_To do:_ The material below holds the lines to copy: from the one with "Dallas Cowboys quarterback" up to and including the one with "Ein Swimmingpool mit". Copy them exactly and skip the pictures.

_Dataset entries:_
□ □ □ □
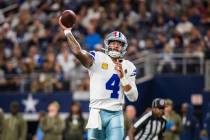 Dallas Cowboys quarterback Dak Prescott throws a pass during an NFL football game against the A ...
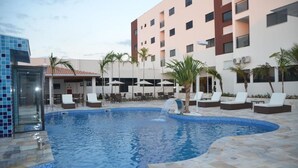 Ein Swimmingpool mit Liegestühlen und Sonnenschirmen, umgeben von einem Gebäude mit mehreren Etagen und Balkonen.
□ □ □ □
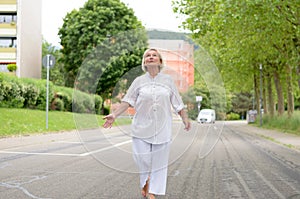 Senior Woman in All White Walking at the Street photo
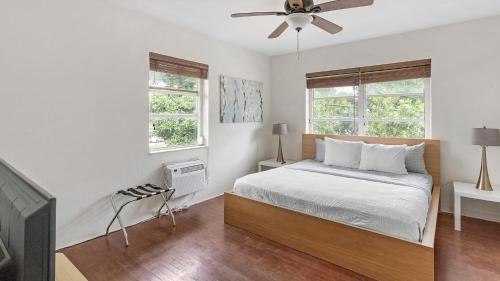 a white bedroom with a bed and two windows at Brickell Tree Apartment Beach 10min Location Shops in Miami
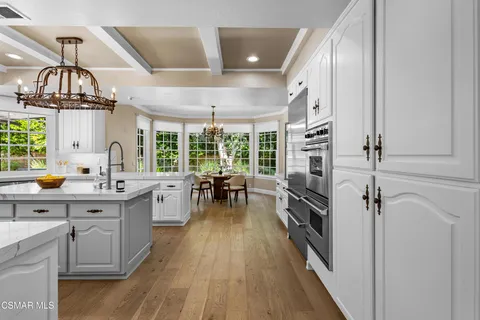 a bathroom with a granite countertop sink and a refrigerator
□ □ □ □
_Answer space:_
 Dallas Cowboys quarterback Dak Prescott throws a pass during an NFL football game against the A ...
 Ein Swimmingpool mit Liegestühlen und Sonnenschirmen, umgeben von einem Gebäude mit mehreren Etagen und Balkonen.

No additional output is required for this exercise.